Retype exactly every line from the one that includes "- ケロロ軍曹公式ガイドブック２２．５巻 Ｋａｄｏｋａｗａ　Ｃｏｍｉｃｓ　Ａ" through the final line of the listing, both ends kept, and omit the pictures.

### Source information
##############################

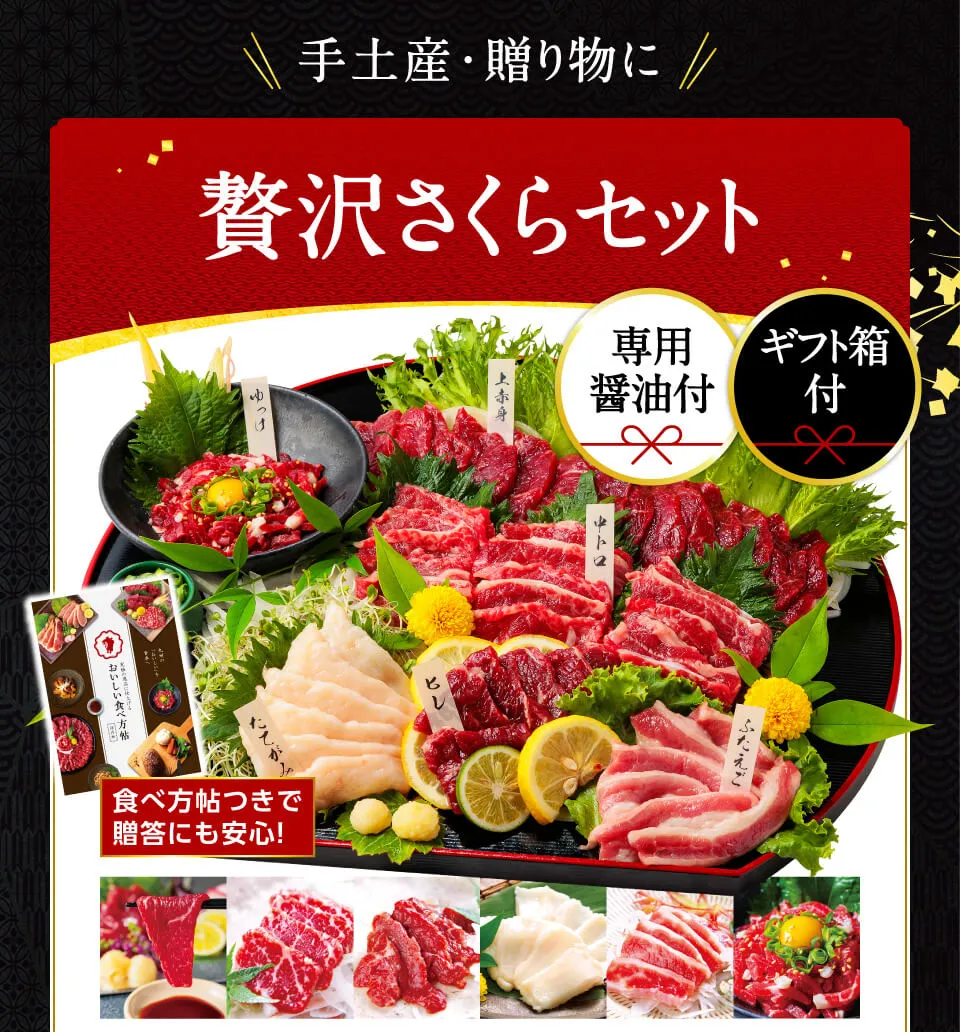 手土産・贈り物に　贅沢さくらセット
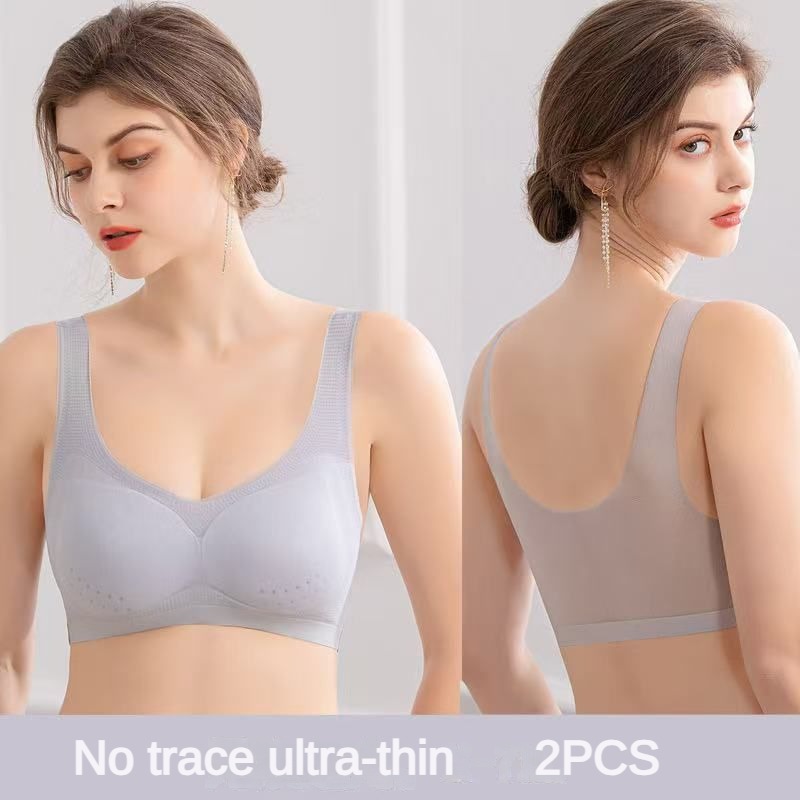 Sleep Bra Bralette - 2 adet seksi sütyen, büyük beden
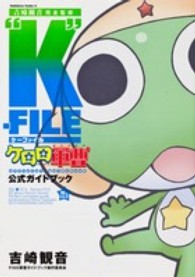 吉崎観音完全監修“Ｋ”－ＦＩＬＥ - ケロロ軍曹公式ガイドブック２２．５巻 Ｋａｄｏｋａｗａ　Ｃｏｍｉｃｓ　Ａ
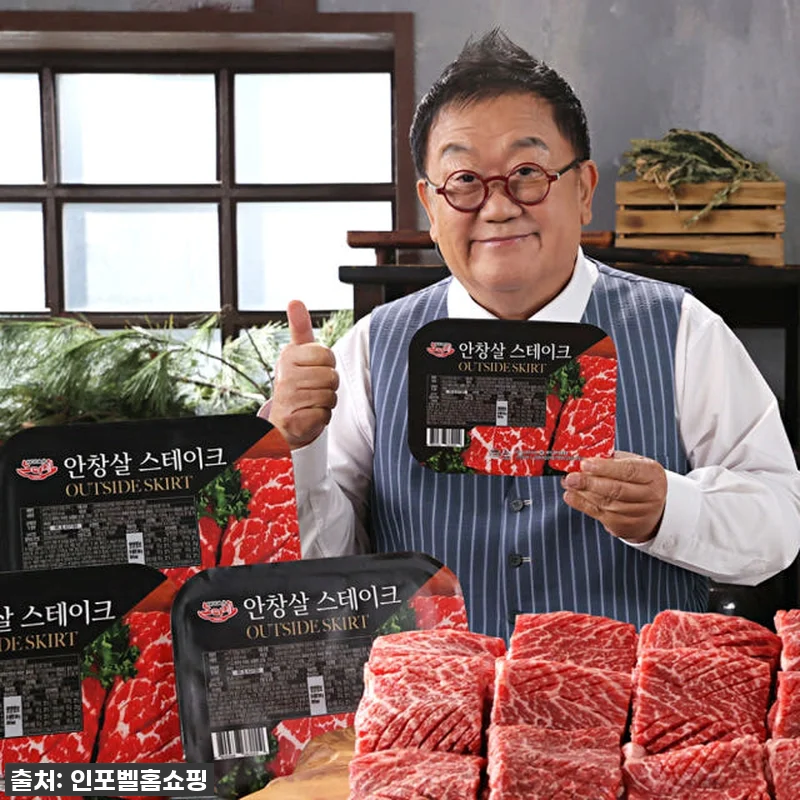 노다지 안창살 스테이크 300g 12 관련 이미지 1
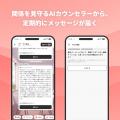 ケンカの決着は、AIの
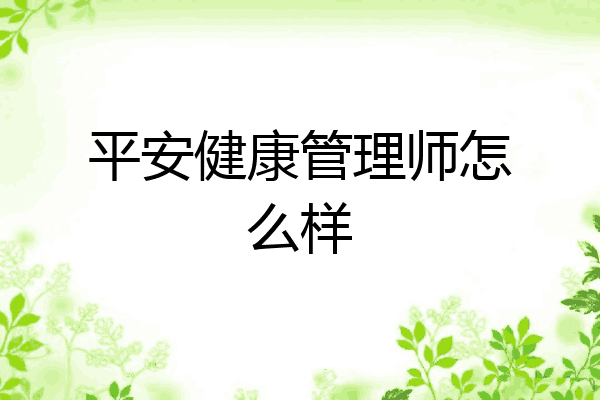 平安健康管理师怎么样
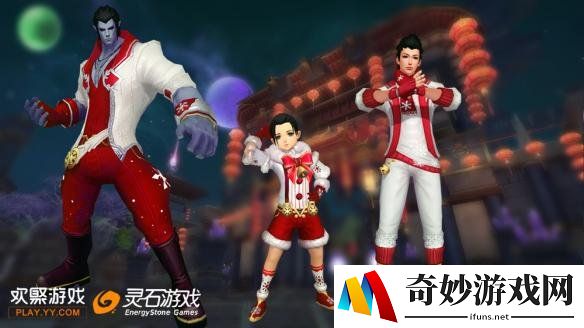 游侠网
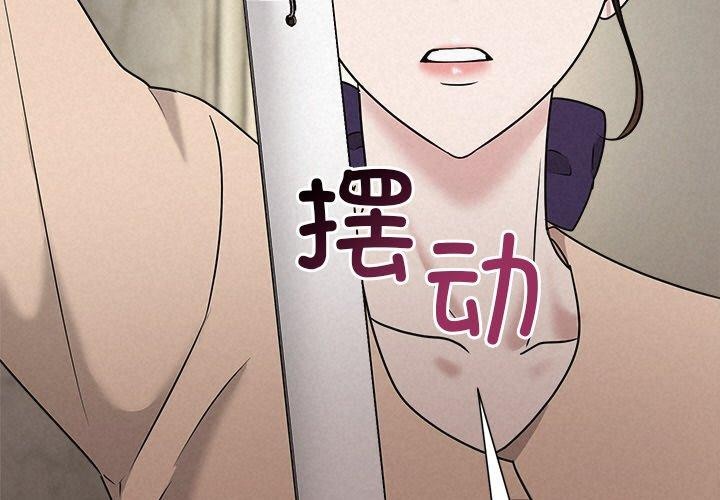 第45话-被吞噬的夜-River Ji（第3张）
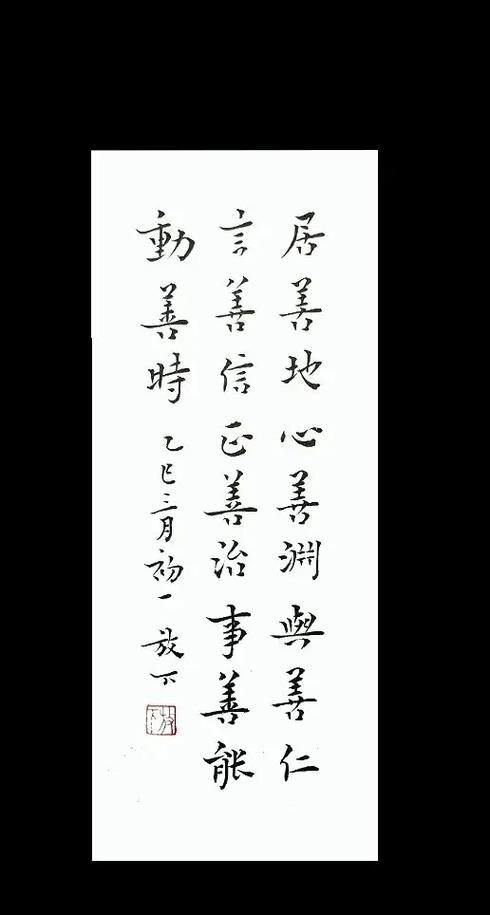捐献时间的公益组织缩略图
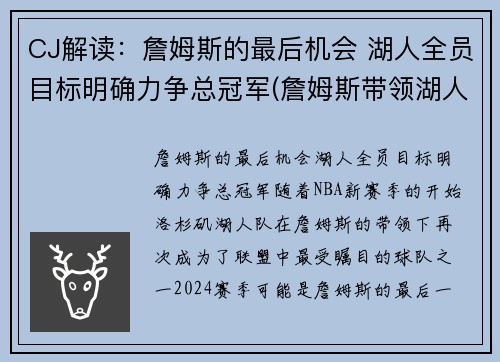CJ解读：詹姆斯的最后机会 湖人全员目标明确力争总冠军(詹姆斯带领湖人夺冠是什么时候)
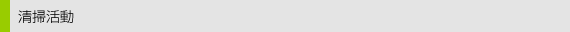 清掃活動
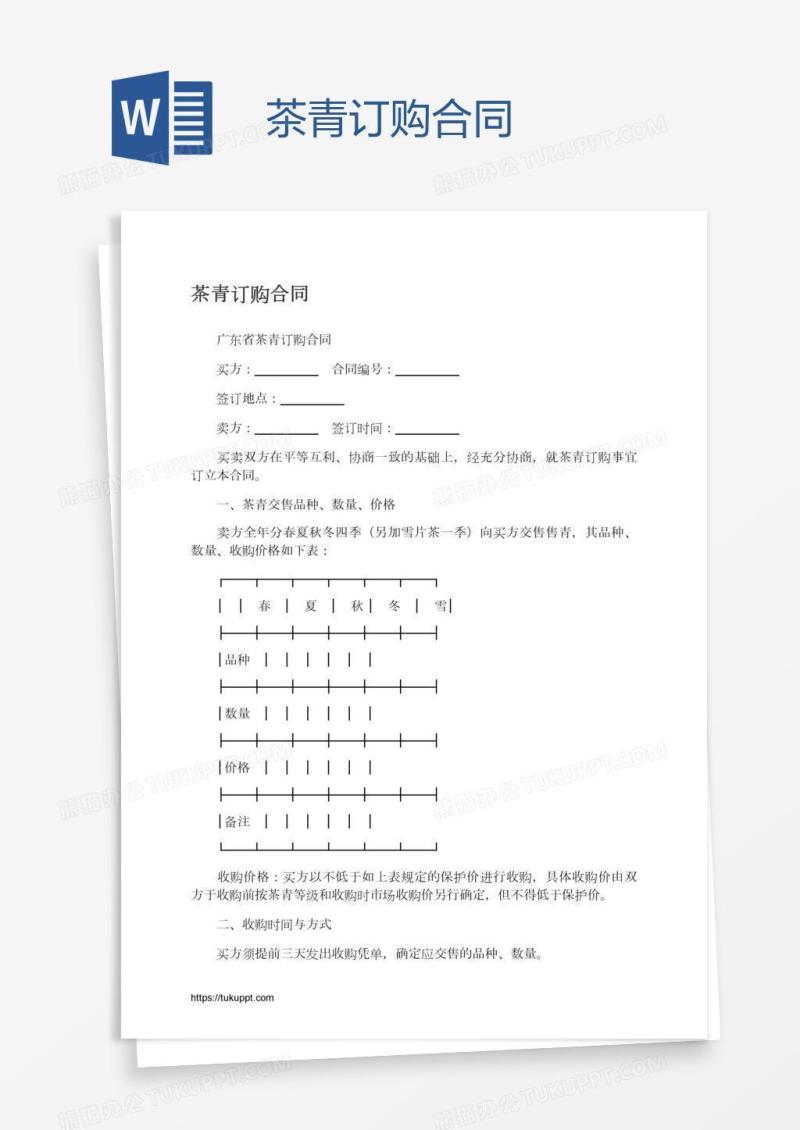 茶青订购合同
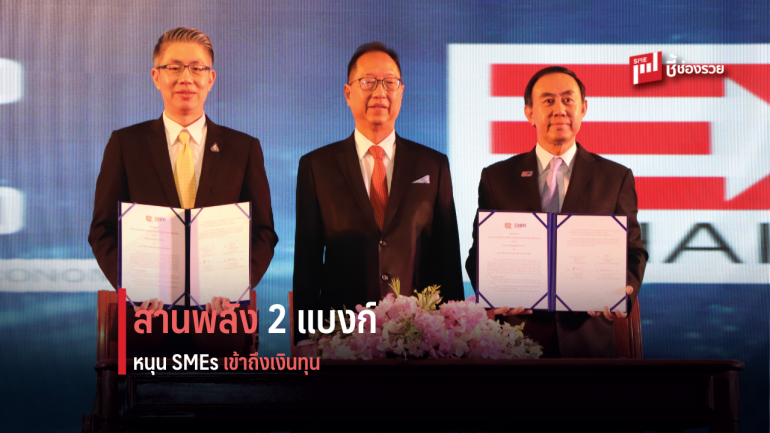 สศอ. MOU ร่วม EXIM, SME D Bank หนุน SMEs เข้าถึงเงินทุน ปล่อยกู้ได้สะดวกรวดเร็วขึ้น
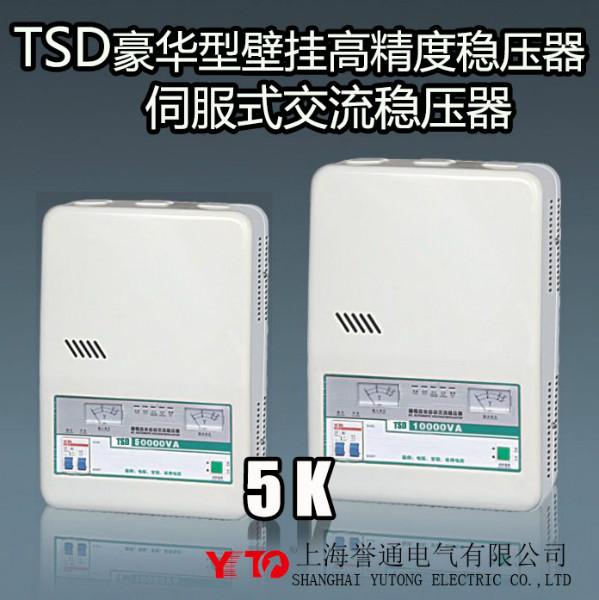 供应TSD-5KVA壁挂式稳压器,空调专用稳压器,TSD壁挂式稳压器图片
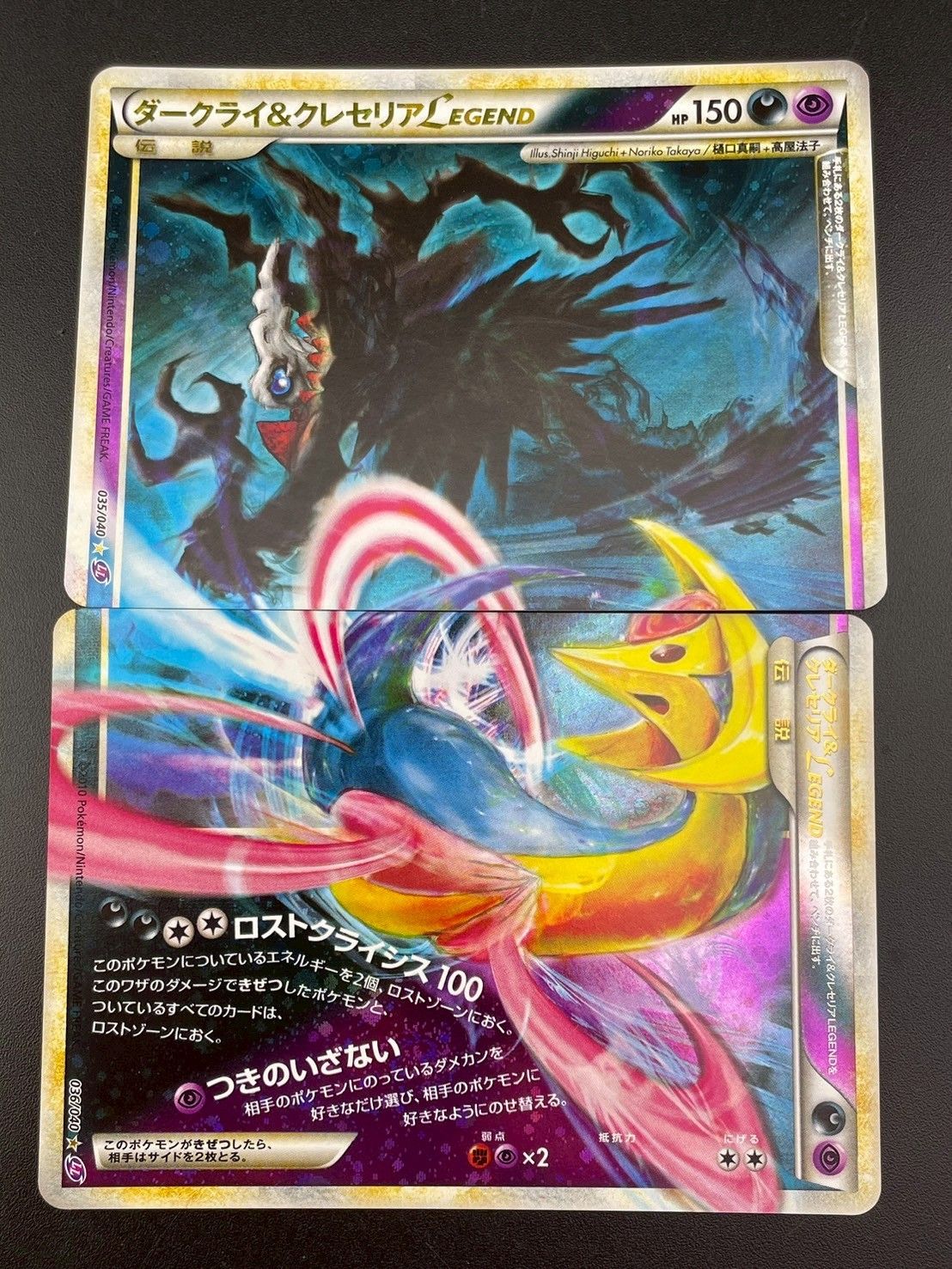 ダークライ＆クレセリア Legend 1ed 連番 PSA10 ダークライ＆クレセリア Legend 1ed 連番 PSA10 - メルカリ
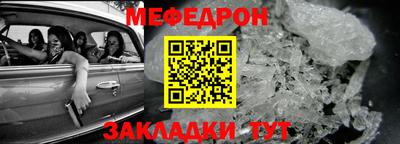 кокаин Свободный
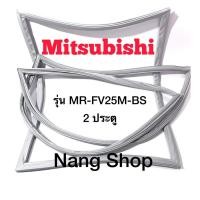 ราคา ขอบยางตู้เย็น Mitsubishi รุ่น MR-FV25M-BS (2 ประตู) (19872111507)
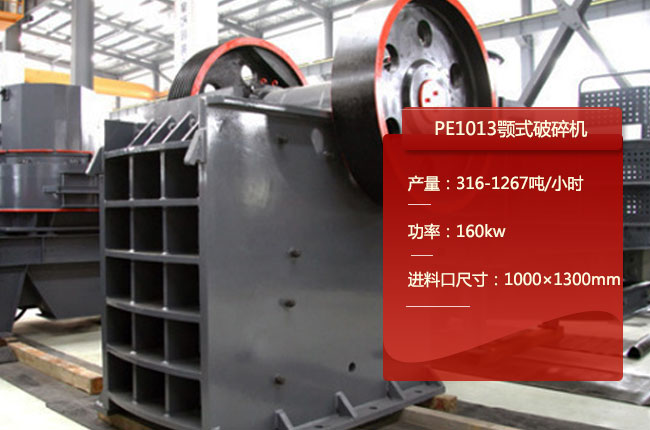 PE1013�ʽ��ʯ�C(j��)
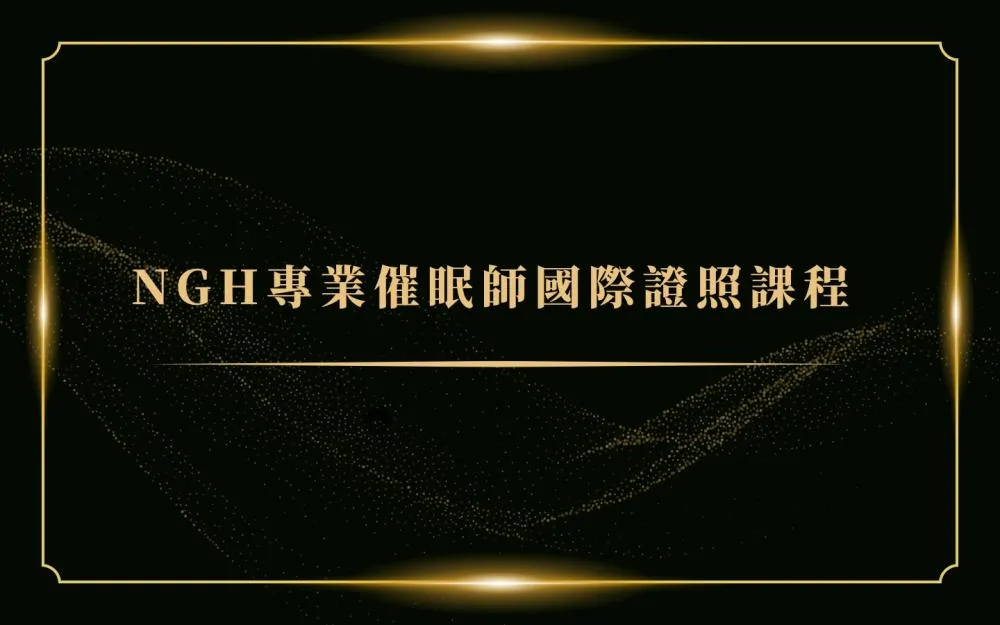 課程預覽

##############################

### Task output
 吉崎観音完全監修“Ｋ”－ＦＩＬＥ - ケロロ軍曹公式ガイドブック２２．５巻 Ｋａｄｏｋａｗａ　Ｃｏｍｉｃｓ　Ａ
 노다지 안창살 스테이크 300g 12 관련 이미지 1
 ケンカの決着は、AIの
 平安健康管理师怎么样
 游侠网
 第45话-被吞噬的夜-River Ji（第3张）
捐献时间的公益组织缩略图
CJ解读：詹姆斯的最后机会 湖人全员目标明确力争总冠军(詹姆斯带领湖人夺冠是什么时候)
 清掃活動
 茶青订购合同
 สศอ. MOU ร่วม EXIM, SME D Bank หนุน SMEs เข้าถึงเงินทุน ปล่อยกู้ได้สะดวกรวดเร็วขึ้น
 供应TSD-5KVA壁挂式稳压器,空调专用稳压器,TSD壁挂式稳压器图片
 ダークライ＆クレセリア Legend 1ed 連番 PSA10 ダークライ＆クレセリア Legend 1ed 連番 PSA10 - メルカリ
 кокаин Свободный
 ราคา ขอบยางตู้เย็น Mitsubishi รุ่น MR-FV25M-BS (2 ประตู) (19872111507)
 PE1013�ʽ��ʯ�C(j��)
 課程預覽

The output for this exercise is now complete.